This once great Roman city fell to barbarians but, though much of Aquileia was razed, a freshly lain colourful mosaic floor was left perfectly intact…
This 4th-century mosaic floor, spreading over 760 square metres within the pillared nave of the Patriarchal Basilica di Aquileia, could easily have been lost to the ravages of time. The Roman city of Aquileia, once one of the largest and wealthiest cities of the early Roman Empire, was sacked and destroyed by Attila the Hun in 452 AD, soon after the floor was completed. Yet the pavement still remains.
Even more remarkably, visitors looking down from the raised walkway above it today see the mosaic in much the same condition as it would have been for the inhabitants of the Roman city. The colourful tiles combine to create a Christian storyscape that adheres to the prohibitions of the time forbidding representations of Jesus in human form, by depicting him as a goat while his twelve apostles feature as a dozen eggs.
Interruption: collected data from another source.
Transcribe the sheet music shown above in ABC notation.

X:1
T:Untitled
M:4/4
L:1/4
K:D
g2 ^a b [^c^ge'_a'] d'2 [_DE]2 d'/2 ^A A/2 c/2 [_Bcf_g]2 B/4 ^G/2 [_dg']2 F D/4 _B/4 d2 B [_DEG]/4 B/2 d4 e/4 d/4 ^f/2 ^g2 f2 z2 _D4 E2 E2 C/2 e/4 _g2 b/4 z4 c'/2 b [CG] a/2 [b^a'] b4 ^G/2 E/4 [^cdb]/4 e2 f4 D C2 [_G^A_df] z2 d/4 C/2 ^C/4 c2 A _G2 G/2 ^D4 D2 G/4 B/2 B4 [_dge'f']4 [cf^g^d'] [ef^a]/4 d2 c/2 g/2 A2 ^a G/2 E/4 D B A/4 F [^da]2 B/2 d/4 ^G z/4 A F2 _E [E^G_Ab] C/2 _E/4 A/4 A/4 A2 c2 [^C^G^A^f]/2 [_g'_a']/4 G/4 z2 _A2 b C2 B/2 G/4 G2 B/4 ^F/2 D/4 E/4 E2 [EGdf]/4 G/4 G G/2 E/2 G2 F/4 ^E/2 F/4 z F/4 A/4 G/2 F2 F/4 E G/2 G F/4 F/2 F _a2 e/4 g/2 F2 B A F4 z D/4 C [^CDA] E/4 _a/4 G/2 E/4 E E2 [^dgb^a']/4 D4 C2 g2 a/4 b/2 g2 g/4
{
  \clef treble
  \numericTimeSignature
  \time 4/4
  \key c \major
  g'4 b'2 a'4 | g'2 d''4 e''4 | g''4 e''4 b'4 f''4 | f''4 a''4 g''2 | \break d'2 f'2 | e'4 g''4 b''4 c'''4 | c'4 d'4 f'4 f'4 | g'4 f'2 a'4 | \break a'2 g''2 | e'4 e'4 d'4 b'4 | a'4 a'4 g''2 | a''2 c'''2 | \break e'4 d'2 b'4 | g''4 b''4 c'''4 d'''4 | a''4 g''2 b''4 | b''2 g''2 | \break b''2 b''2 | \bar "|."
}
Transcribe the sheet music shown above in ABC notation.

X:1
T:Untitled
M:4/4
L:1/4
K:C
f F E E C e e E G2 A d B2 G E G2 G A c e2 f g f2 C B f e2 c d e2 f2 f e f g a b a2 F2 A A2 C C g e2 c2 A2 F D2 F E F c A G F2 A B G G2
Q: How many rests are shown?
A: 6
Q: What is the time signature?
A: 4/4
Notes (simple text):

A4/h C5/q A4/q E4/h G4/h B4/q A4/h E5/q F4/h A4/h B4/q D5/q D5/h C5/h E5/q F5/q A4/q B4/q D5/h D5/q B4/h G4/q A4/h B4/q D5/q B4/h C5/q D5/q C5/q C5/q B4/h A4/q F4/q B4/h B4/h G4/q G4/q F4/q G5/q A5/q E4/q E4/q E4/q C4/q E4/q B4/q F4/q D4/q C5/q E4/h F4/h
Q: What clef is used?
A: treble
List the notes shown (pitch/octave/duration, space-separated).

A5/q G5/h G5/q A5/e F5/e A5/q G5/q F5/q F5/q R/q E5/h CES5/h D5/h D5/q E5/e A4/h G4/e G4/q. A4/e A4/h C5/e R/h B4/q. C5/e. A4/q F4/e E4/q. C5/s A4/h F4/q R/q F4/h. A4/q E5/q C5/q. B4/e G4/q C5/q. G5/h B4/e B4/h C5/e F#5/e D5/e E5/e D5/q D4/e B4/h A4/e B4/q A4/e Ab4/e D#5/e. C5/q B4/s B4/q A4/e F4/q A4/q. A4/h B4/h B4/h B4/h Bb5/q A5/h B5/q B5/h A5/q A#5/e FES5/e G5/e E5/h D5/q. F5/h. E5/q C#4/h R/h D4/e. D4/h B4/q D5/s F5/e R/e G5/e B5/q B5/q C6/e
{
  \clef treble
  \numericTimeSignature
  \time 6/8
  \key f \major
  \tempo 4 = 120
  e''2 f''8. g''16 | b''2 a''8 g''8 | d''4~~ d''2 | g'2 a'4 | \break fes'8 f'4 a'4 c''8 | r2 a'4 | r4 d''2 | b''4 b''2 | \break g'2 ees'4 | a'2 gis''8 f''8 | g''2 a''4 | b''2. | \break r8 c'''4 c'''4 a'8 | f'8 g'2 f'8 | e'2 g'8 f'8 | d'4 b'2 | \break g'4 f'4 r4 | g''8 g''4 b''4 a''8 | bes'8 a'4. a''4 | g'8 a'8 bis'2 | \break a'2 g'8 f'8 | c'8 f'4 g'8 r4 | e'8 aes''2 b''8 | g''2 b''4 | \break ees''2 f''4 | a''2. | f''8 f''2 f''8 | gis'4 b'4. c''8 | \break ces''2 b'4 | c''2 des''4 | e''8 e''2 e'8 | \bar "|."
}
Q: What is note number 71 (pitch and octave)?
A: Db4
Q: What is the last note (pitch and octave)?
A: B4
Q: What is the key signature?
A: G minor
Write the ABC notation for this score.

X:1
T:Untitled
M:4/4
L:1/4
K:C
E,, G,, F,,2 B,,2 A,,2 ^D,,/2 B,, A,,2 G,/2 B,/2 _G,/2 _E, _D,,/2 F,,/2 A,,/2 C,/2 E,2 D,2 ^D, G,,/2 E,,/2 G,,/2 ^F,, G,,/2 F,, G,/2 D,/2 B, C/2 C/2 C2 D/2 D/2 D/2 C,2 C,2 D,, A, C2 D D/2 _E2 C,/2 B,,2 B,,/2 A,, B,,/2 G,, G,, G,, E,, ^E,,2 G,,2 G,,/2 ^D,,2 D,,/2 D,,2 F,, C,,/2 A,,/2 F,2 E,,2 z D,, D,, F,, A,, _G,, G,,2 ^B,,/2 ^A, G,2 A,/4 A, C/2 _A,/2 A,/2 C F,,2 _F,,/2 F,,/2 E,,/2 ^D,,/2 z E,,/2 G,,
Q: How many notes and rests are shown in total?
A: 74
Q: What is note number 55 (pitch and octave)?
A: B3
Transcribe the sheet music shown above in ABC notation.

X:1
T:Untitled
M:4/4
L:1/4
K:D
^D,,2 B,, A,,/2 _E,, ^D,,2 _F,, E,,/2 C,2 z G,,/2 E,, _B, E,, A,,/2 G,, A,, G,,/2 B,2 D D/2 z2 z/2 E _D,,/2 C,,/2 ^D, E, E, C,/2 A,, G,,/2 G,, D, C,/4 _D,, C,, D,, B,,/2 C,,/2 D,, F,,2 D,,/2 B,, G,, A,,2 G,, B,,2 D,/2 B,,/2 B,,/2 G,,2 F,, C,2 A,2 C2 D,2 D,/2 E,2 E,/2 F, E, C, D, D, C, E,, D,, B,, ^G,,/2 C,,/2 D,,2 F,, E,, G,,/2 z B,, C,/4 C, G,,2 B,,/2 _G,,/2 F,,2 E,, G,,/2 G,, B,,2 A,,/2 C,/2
Most of the original church that once housed the mosaic is gone, however, and it now lies within a cathedral built between the 11th and 14 centuries in the Romanesque and Gothic styles. The cathedral and its mosaic floor themselves form part of a wider, 155-hectare site that also includes the remains of Aquileia’s port and other archeological remains, still yet to be fully excavated.
The floor itself is remarkably well-preserved, however, and looking at it today you could be forgiven for thinking the 2,000-strong population of Aquileia had only recently departed. Unsurprisingly, UNESCO has declared this site in Friuli-Venezia Giulia, six miles from the northern tip of the Adriatic Sea, to be of outstanding universal value.